U.S. Immigration and Customs Enforcement (ICE) is advancing a proposal to establish a privately-operated, around-the-clock transportation system across Texas. This initiative is projected to strengthen Texas as a critical hub for a systematic deportation network, funneling detained immigrants from 254 counties into ICE facilities statewide.
Planning documents reviewed indicate that this transport grid would facilitate regular detainee transfers, with each journey averaging about 100 miles. Under the proposal, every county in Texas would host a small, continuous team of armed contractors tasked with collecting immigrants from local authorities that have been vested with ICE’s authority. This transition effectively shifts the custody of these immigrants to private entities authorized to carry firearms and manage transport operations at various state and ICE locations.
This proposal comes as part of a broader push by the Trump administration to ramp up interior immigration enforcement. Over the past year, the Department of Homeland Security (DHS), which supervises ICE, has invested heavily in detention contracts, revived agreements allowing local police to assist in immigration enforcement, and directed ICE to increase deportations domestically. The transportation strategy aligns with this initiative, aiming to optimize the process of moving detainees quickly and efficiently, with a reduced visible federal presence.
ICE recently issued a "Transportation Support for Texas" market probe that outlines staffing requirements, vehicle availability, and response times for prospective vendors. The draft suggests setting up 254 transport hubs across Texas, each manned by two armed contractors around the clock. The document specifies that contractor vehicles must respond within 30 minutes and maintain an operational readiness rate of 80% across three daily shifts. As calculated, this would necessitate over 2,000 full-time staff and a considerable fleet of vehicles available at all hours.
This plan marks a significant shift, as ICE appears poised to delegate much of the logistics of deportation to private contractors, effectively becoming a supervisory agency that establishes protocols and standards. The operation is set within a legal framework strengthened by the Texas legislature, including Senate Bill 8, which mandates that county sheriffs entering into jail administration agreements with ICE must implement a 287(g) program fostering cooperation with federal authorities. This law goes into effect at the start of the new year.
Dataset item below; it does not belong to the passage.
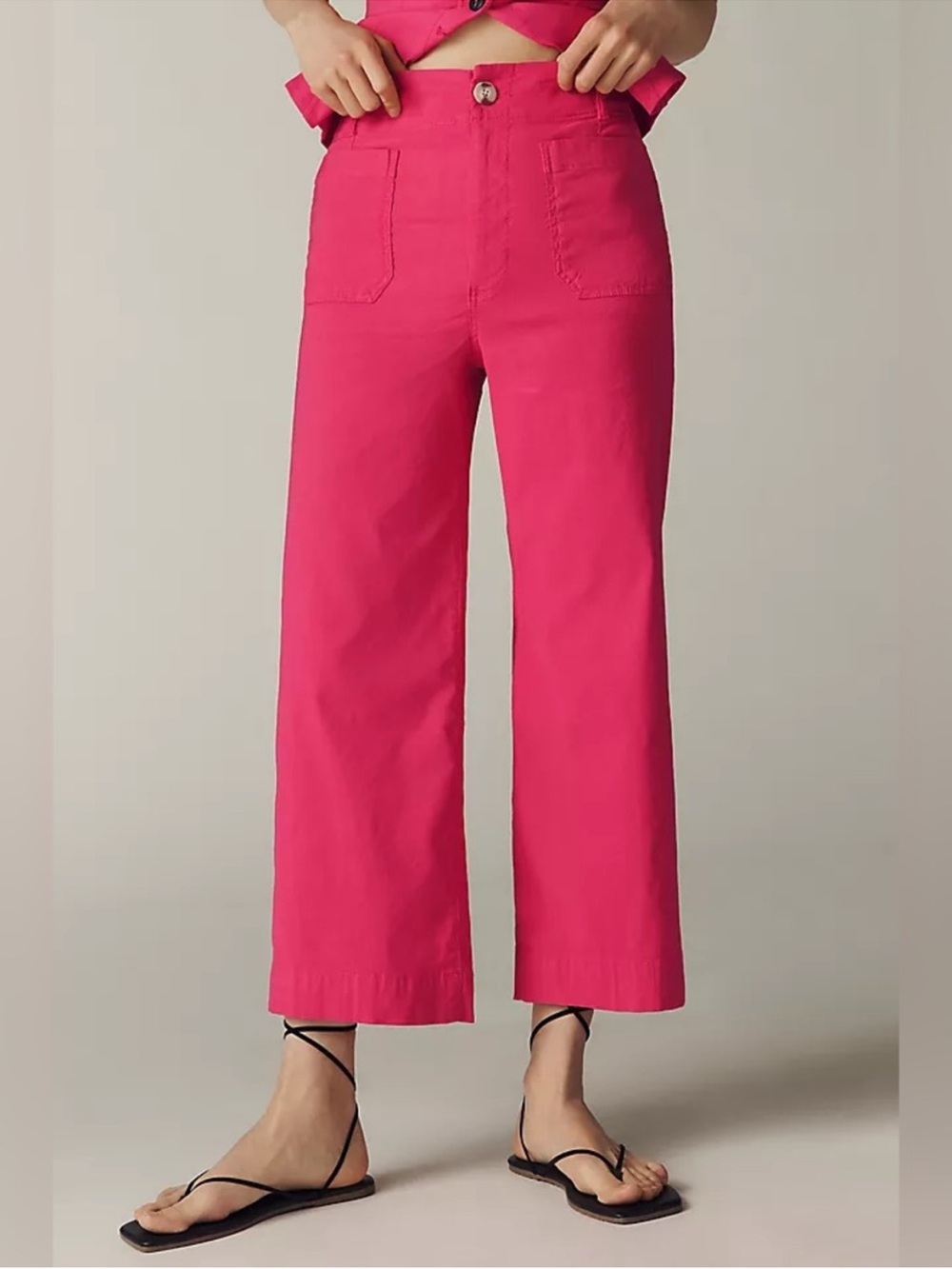 NWT Maeve Collette Pants Hot Pink Wide-Leg Crop Pants Plus Size 26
Under the 287(g) model, local law enforcement can screen and process immigrants for ICE within jails, execute administrative warrants on detainees, or actively seek out undocumented immigrants during routine policing activities. The rise of these agreements under the Trump administration has seen a drastic increase, with over a thousand local enforcement agencies now partnered with ICE.
Financial incentives for local law enforcement agencies participating in the 287(g) program further promote compliance; federal funds can cover salaries and operational costs for deputized officers, with potential bonuses linked to arrest performance. These developments suggest that Texas is on the verge of functioning as a de facto extension of federal immigration enforcement, integrating it seamlessly into everyday law enforcement practices and undermining the concept of state sovereignty in favor of national immigration policy.